Supplied material Start Marker

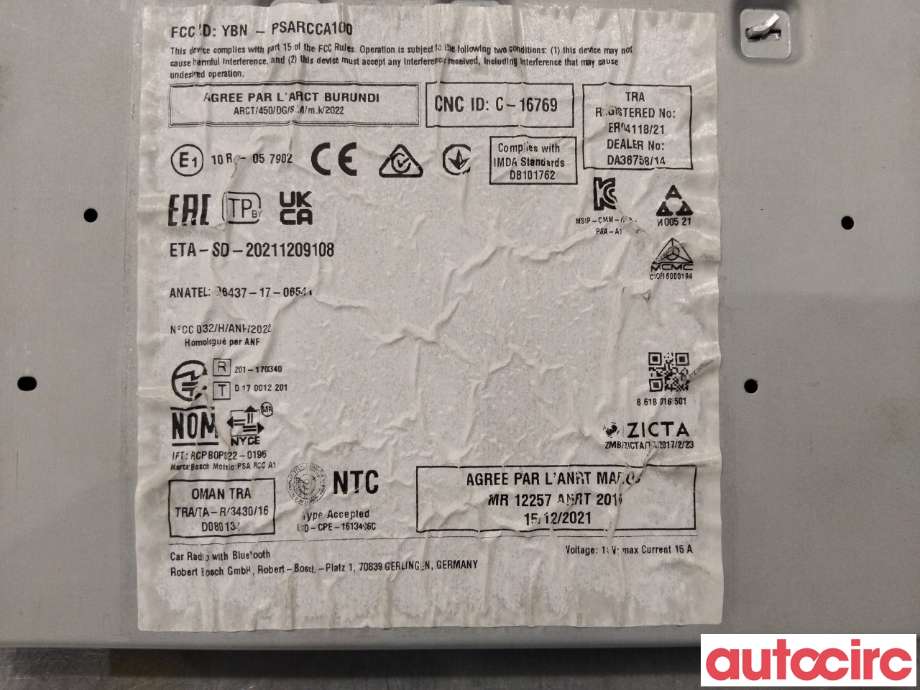 Bilstereo til Opel Combo E 2019-->>  (OPEL|9847854380)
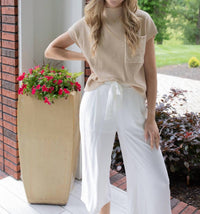 Hem & Thread - Easy Elegance Tie Waist Crop Pants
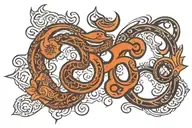 om mantra written in Sanskrit tattoo design idea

Supplied material End Marker

Reproduce the listing exactly, images omitted.

 Bilstereo til Opel Combo E 2019-->>  (OPEL|9847854380)
 Hem & Thread - Easy Elegance Tie Waist Crop Pants
 om mantra written in Sanskrit tattoo design idea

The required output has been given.